On September 17, 2013—Constitution Day—Citrus College student Vincenzo Sinapi-Riddle was threatened with removal from campus by an administrator for asking a fellow student to sign a petition protesting NSA surveillance of American citizens. His crime?  Sinapi-Riddle was petitioning outside of the college’s tiny “free speech area.” Sinapi-Riddle was president of the Citrus College chapter of Young Americans for Liberty and is passionate about his political beliefs. With FIRE’s help, he filed a First Amendment lawsuit challenging Citrus College’s free speech area and other speech repressive policies.   

This was the second time FIRE coordinated a lawsuit against Citrus College’s free speech area.
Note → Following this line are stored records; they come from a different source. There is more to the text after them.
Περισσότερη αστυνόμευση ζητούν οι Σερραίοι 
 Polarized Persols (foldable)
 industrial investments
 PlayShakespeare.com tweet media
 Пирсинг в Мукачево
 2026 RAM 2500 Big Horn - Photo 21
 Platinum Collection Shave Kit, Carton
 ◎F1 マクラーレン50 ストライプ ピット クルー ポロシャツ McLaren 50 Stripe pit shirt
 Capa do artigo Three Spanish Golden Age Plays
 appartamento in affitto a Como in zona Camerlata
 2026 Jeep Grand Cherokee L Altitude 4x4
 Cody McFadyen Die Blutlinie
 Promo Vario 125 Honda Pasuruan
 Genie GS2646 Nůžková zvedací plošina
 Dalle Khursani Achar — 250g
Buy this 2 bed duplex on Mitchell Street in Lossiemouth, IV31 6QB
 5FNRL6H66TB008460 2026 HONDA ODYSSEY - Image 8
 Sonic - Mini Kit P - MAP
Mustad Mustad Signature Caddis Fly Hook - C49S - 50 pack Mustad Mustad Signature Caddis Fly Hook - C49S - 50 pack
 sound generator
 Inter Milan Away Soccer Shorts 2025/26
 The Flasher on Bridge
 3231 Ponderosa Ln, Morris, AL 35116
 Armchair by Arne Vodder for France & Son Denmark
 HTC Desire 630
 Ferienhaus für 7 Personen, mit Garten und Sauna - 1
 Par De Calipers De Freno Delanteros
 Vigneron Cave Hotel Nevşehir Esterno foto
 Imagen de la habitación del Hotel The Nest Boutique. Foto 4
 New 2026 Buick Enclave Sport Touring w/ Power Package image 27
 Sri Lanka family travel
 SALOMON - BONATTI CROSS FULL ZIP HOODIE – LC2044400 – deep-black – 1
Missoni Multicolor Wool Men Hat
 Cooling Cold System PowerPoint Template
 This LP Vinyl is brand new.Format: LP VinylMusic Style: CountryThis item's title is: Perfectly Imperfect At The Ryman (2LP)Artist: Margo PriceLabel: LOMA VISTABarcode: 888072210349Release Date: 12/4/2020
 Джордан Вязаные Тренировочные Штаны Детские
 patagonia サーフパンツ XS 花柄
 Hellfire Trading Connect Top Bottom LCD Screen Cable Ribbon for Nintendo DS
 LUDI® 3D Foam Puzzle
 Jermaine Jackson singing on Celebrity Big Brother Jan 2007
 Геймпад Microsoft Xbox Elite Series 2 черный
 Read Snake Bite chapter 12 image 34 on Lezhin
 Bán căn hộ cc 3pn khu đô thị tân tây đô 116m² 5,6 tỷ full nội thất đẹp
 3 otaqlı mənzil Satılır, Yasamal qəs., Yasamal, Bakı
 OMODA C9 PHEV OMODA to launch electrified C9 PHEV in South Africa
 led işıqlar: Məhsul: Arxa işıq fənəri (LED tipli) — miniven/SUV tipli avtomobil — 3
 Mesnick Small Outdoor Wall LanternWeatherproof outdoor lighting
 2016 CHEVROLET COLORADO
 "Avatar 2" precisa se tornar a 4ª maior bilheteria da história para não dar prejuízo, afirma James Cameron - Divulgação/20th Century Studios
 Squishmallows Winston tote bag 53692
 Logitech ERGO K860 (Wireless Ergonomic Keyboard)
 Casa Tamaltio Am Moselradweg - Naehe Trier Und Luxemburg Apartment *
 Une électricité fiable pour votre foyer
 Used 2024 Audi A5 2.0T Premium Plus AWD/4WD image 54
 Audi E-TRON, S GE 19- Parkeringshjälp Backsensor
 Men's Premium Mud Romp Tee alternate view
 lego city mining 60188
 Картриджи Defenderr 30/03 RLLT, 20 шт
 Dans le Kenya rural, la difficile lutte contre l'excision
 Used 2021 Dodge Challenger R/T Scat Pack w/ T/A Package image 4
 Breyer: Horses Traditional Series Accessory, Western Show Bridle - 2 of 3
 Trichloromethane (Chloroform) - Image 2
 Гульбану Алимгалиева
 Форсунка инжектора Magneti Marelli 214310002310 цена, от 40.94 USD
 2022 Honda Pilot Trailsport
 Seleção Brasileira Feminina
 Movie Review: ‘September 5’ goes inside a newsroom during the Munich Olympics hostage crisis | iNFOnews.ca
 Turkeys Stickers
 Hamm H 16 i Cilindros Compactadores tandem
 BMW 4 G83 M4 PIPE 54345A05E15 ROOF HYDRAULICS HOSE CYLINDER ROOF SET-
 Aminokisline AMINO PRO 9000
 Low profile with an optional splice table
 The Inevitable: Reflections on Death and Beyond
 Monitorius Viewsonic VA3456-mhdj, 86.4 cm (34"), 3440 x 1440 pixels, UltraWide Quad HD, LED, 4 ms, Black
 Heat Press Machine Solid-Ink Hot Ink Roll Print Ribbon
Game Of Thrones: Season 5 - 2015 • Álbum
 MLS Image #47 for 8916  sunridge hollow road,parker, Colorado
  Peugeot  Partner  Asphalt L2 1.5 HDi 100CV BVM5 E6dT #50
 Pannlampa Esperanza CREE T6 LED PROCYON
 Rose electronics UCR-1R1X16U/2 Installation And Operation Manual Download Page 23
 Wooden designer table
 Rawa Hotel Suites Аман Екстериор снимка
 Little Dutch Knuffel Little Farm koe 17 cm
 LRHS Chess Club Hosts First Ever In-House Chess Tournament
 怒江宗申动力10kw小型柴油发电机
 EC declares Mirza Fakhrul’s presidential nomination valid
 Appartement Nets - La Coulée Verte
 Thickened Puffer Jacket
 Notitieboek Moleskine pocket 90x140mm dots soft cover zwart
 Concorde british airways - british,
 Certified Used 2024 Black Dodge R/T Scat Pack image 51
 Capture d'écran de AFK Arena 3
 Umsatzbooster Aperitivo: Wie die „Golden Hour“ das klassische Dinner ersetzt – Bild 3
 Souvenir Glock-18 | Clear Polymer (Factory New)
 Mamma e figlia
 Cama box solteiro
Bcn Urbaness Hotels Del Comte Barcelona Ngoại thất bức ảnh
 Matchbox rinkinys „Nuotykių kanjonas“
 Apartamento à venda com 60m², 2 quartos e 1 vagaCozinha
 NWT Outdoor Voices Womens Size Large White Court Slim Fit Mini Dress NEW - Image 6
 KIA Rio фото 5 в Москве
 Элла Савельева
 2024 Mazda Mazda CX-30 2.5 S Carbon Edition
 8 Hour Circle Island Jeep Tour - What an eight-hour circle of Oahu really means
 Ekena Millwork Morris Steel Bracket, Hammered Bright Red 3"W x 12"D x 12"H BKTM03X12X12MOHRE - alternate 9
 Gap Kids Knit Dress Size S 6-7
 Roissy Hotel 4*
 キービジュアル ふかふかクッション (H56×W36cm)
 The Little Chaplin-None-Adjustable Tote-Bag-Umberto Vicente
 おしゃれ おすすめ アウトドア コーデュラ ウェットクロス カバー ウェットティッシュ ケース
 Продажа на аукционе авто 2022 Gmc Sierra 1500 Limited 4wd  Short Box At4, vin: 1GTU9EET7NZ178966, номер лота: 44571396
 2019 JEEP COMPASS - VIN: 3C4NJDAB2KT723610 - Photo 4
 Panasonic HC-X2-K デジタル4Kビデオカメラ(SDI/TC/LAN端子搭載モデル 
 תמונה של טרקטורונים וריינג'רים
In 2003, the college agreed to abandon its free speech area as part of a court-approved settlement following a First Amendment lawsuit filed by a student.

In addition to challenging Citrus College’s free speech area, which comprised just 1.37% of campus, Sinapi-Riddle challenged two other policies: (1) the college’s “verbal harassment policy,” which prohibits a wide range of speech protected by the First Amendment, including “inappropriate or offensive remarks”; and (2) the college’s elaborate permitting requirements for student group speech, which required student groups wishing to express themselves on campus to wait two weeks and obtain the permission of four separate college entities prior to doing so.

On December 3, 2014, Citrus College settled the lawsuit by revising its unconstitutional harassment policy, eliminating its free speech area, and paying $110,000 in damages and attorneys’ fees.